Murmeltiere leben in Familien von bis zu 15 Mitgliedern. Ihre Höhlen bauen sie auf offenem Feld. Die Murmeltierbauten sind in einem ausgeklügelten System miteinander verbunden. Wenn die Murmeltiere an die Oberfläche kommen, um zu fressen, steht immer eines Wache. Die gefährlichsten Feinde sind Raubvögel und Füchse. Die Murmeltiere sind sehr anpassungsfähig: in Gebieten, die von vielen Wanderern besucht werden, betrachten ältere Murmeltiere die Menschen nicht mehr als Bedrohung.

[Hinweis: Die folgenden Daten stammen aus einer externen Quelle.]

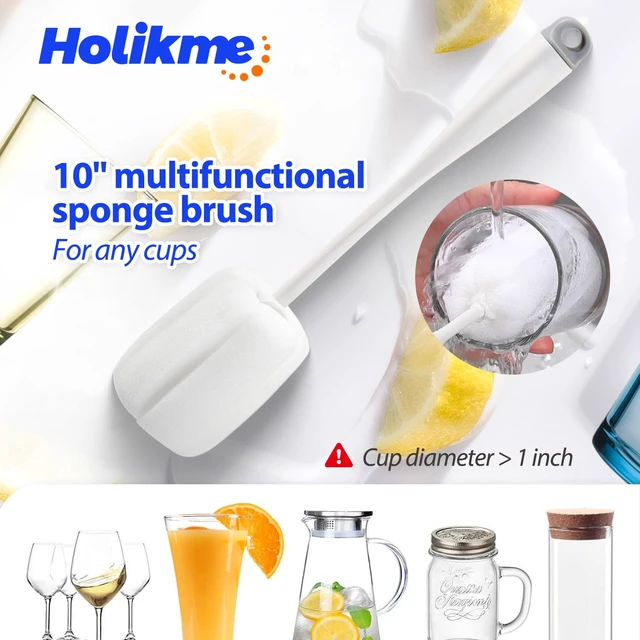 Alt view image 3 of 6 - Holikme Bottle Brush Tube Cleaning Lab Set with Long Handle, White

Murmeltiere leben vorwiegend in den Alpen. Ihre Hauptbeschäftigung ist die Suche nach Futter. Im Sommer und Herbst müssen sie sich buchstäblich einen Fettvorrat für den Winterschlaf anfressen. Sie können ihr Gewicht in dieser Zeit verdoppeln (auf ca. 8kg).

Während des Winterschlafs, der etwa sechs Monate dauert, sinkt ihre Körpertemperatur auf fünf Grad. Die Murmeltiere wachen erst wieder auf, wenn der Schnee taut. 

Der Bergsalamander

Die faszinierenden Anpassungsstrategien des Bergsalamanders sind rekordverdächtig: er ist nicht nur die einzige europäische Amphibie, die lebende Junge zur Welt bringt (also keine Eier legt), sondern die Jungen können bis zu drei Jahre im Mutterleib heranwachsen. Bei den schwierigen Lebensbedingungen in den Bergen ist es wichtig, dass die Jungen gut entwickelt geboren werden.

Der Bergsalamander lebt bevorzugt an feuchten Orten (Gebirgswälder) auf bis zu 3000 Metern über Meer. Er ist schwarz und wird bis zu 16cm lang. Seine Nahrung besteht vorwiegend aus Käfern, Spinnen und Tausendfüsslern.